Sabemos que el rock ya no es la música más popular –si es que alguna vez lo fue– y que sus innumerables subdivisiones corren el riesgo de cristalizarse en combinaciones prefijadas. Es difícil, dentro de ese imperio en retirada pero todavía poderoso, encontrar un centro que aguante, una figura que encarne sin drama la idea de “rock clásico”. Bien podría serlo Chrissie Hynde, la curtida señora de voz potente y escena brutal que vimos anoche en el Antel Arena.
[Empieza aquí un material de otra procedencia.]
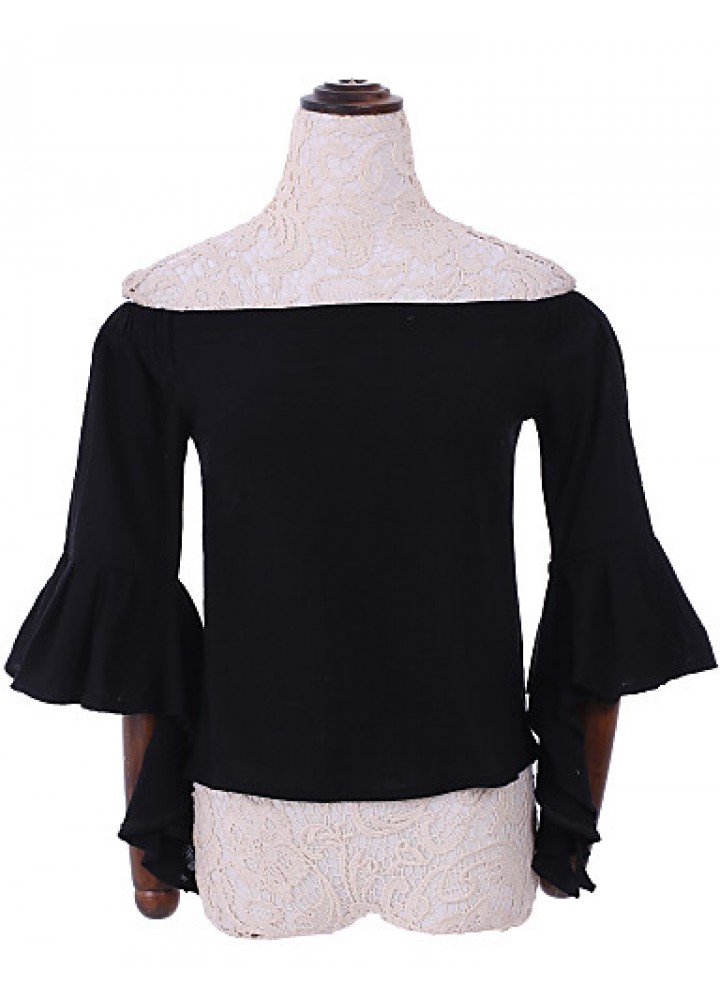 Women's Solid White / Black Blouse,Boat Neck ? Sleeve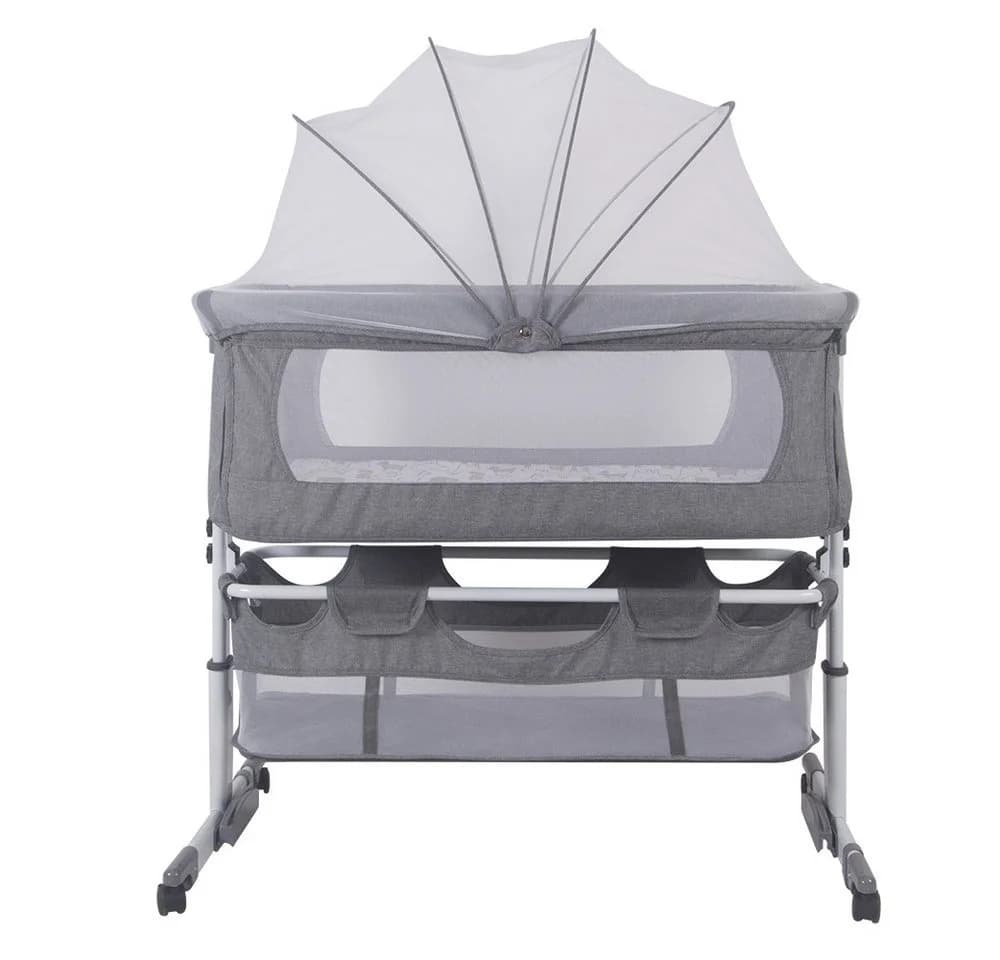 JEOBEST Beistellbett 3in1 Grau mit Moskitonetz & Rollen - Bild 2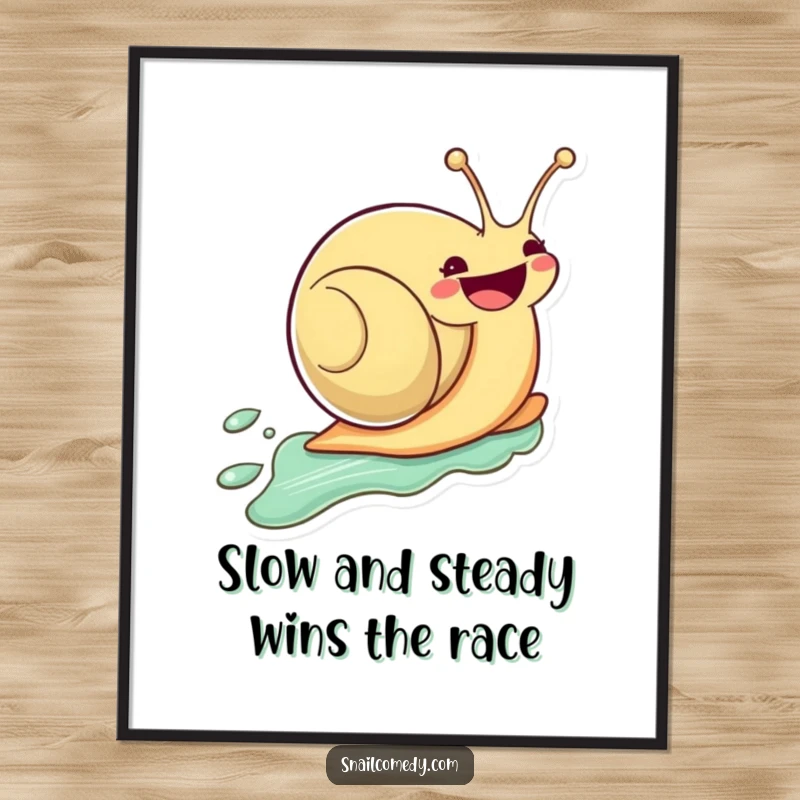 Funny Free Printable Wall Art: A cheerful kawaii snail zooms forward with a massive smile, leaving a slime trail.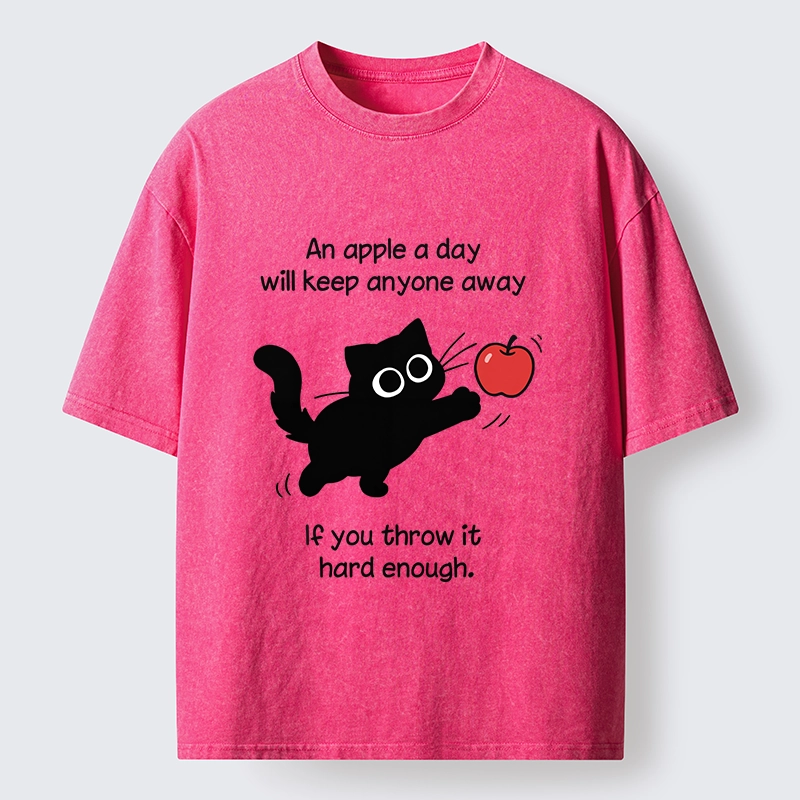 Tokyo-Tiger Funny Cat Throwing Apple Meme Washed T-Shirt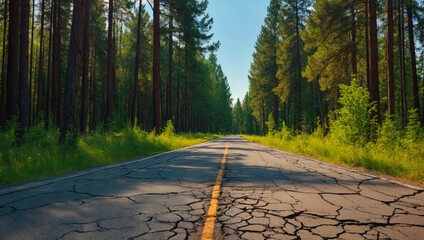 A crack on the asphalt of an old road leading into a green summer forest.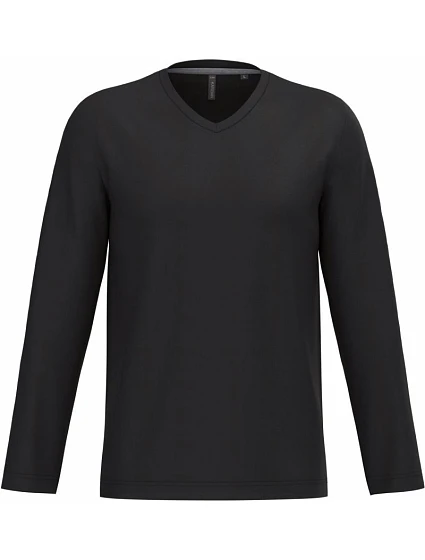 Kariban K 358 Pánské tričko do V s dl. rukávem 20.K358 black Kariban K 358 Pánské tričko do V s dl. rukávem 20.K358 black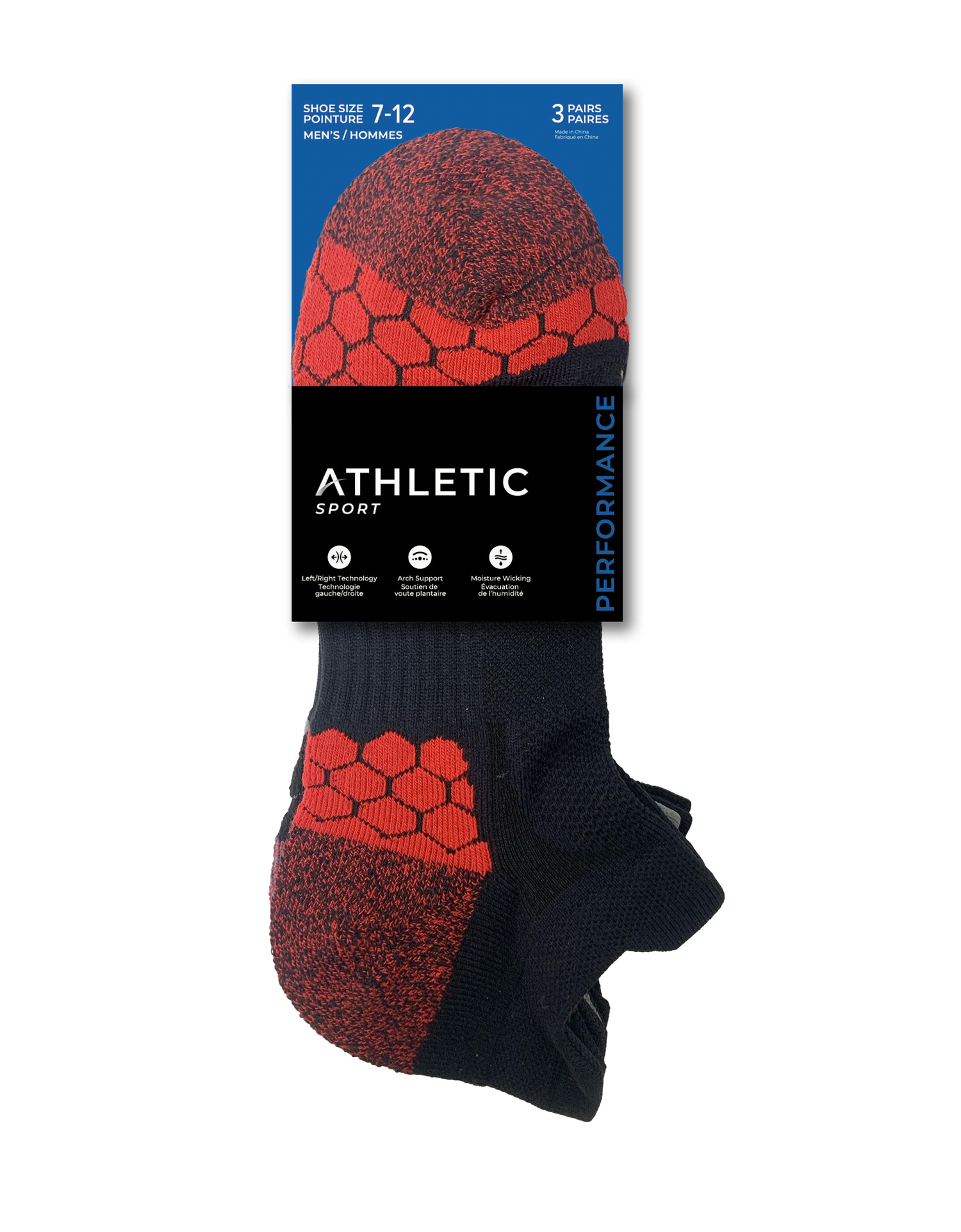 Socquettes sport homme à double languettes - 3 paires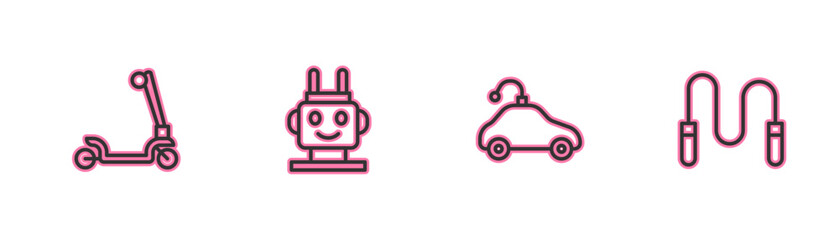 Set line Roller scooter, Radio controlled car toy, Robot and Jump rope icon. Vector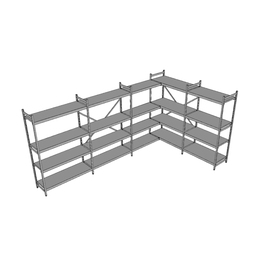 standing shelf NORM 12 L-shape L-shaped L 2775 | 3854 mm | closed shelf board(s) product photo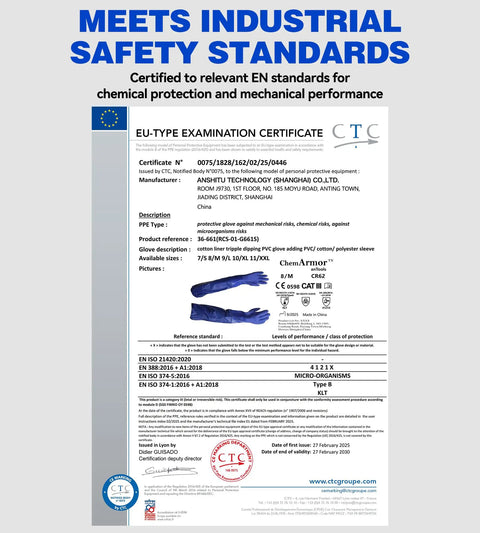 EU-type examination certificate for Heavy Duty Pvc Chemical Gloves With Waterproof Long Sleeve Cotton Liner Built For Hella Tough Industrial And Pool Tasks Featuring Straight Up Non Slip Grip In Blue Large Fighting Acid And Oil.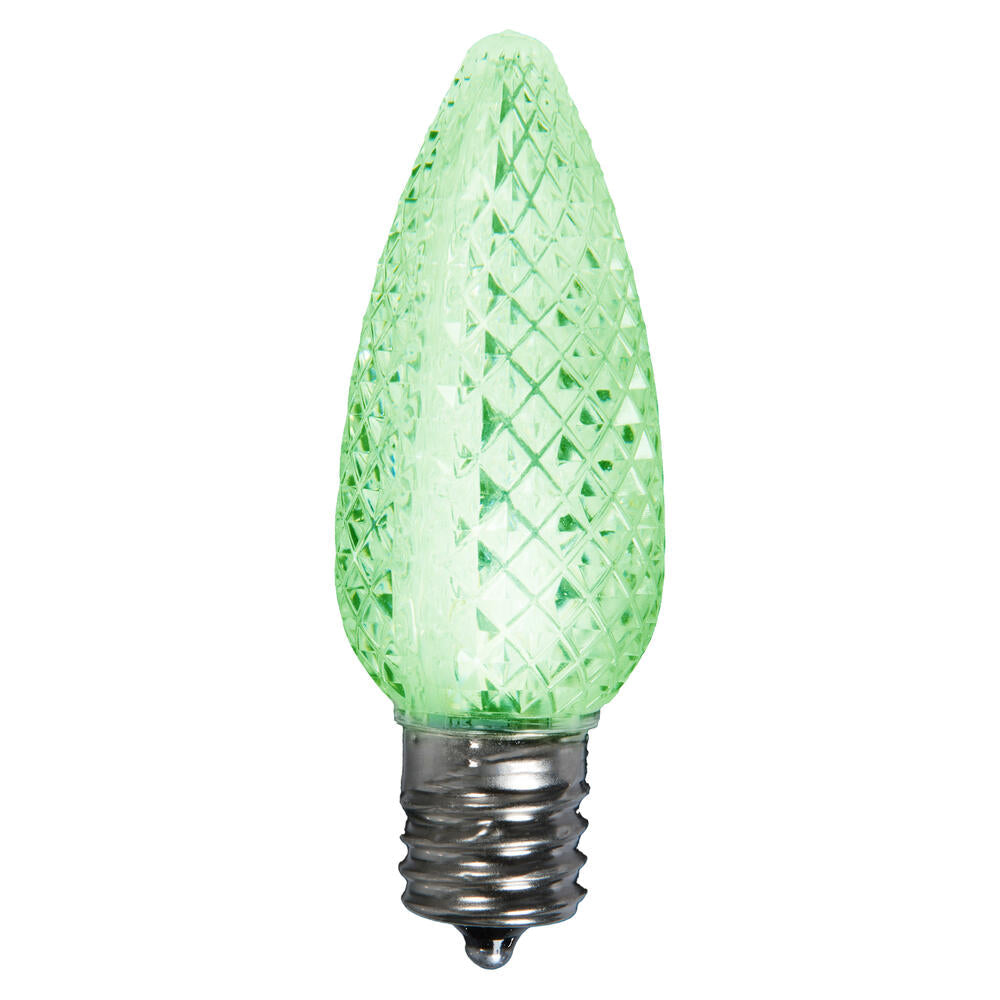 25Pk - Vickerman .6W C7 LED Lime Faceted Twinkle Light Bulb 120v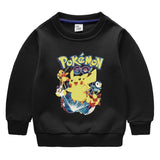 Children Pokemon Pikachu Hoodie Children's Fleece-Lined Sweater Boy plus Velvet Autumn and Winter Clothing Pikachu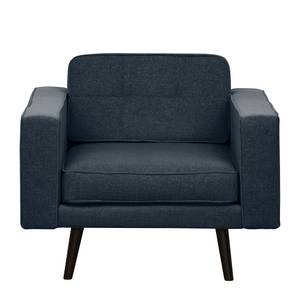 Fauteuil Vagnas I geweven stof - Geweven stof Nere: Marineblauw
Tiene el pedigrí en la piel. Norteamericana en Inglaterra, amiga, fan y maestra de varios de los punks fundacionales, orgullosa autora de sus temas, debió armar y rearmar su banda muchas veces. La más notoria, en 1982, cuando con pocos días de diferencia se quedó sin bajista y sin guitarrista: a uno lo había despedido por su tema con las drogas, y el otro se le murió de sobredosis. Con todo en contra, y además embarazada –es la Mary Shelley rockera–, se metió en el estudio y grabó “Back on the Chain Gang”, una de las más preciosas canciones de la historia.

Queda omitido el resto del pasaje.